Future Considerations — Pluggable Backend (Redis option)
CacheFactory ships two backends today: InMemory() (dev / single-instance) and TypeORM(...) (default, multi-instance, persistent). The TypeORM backend remains the default and fully supported option and will continue to be — no plan to drop it.
For high-scale hosted deployments we additionally want to support Redis as an optional backend, selectable per deployment via environment configuration:
// Future API (not yet implemented — tracked in EW-629)
CacheFactory.Redis({
url: process.env.REDIS_URL,
ttl: 60_000,
namespace: 'my-cache',
isGlobal: true
});
Selection driven by EVER_WORKS_CACHE_BACKEND={typeorm,redis,memory}. Default: typeorm. Existing deployments need no config change to keep their current behaviour.
The matching change applies to DistributedTaskLockService — see the "Future Considerations" section there.
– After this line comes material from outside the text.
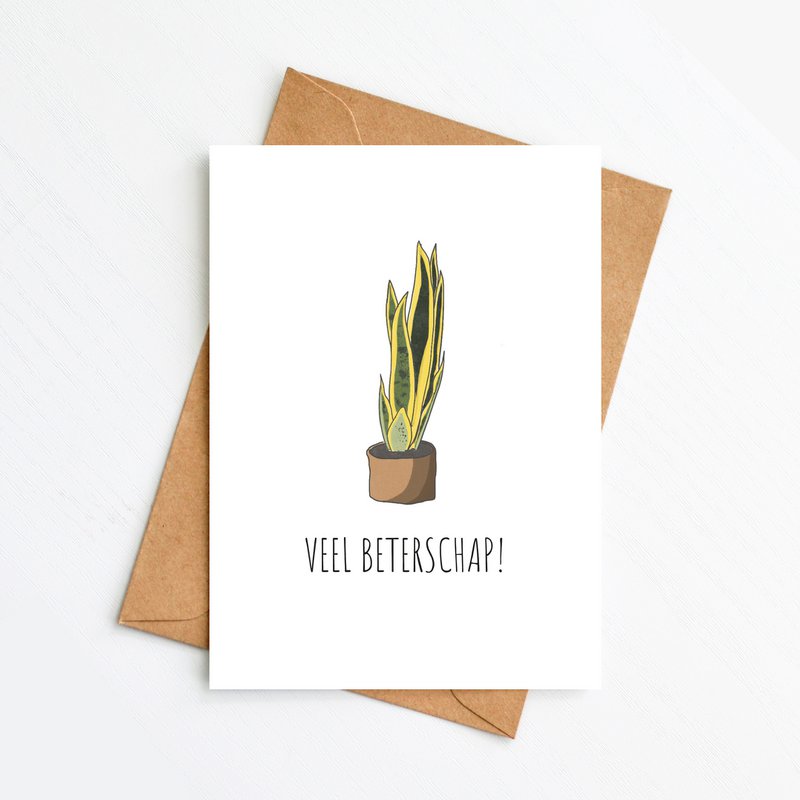 Sanseveria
Both changes are additive: the PostgreSQL backend stays the default. The point is to let advanced operators with existing Redis investments opt in without forking, and to give high-volume deployments a way to offload hot cache traffic from the primary database.
Design rationale and rollout plan: ADR-005: Cache and Lock Pluggability. Implementation tracked in EW-629.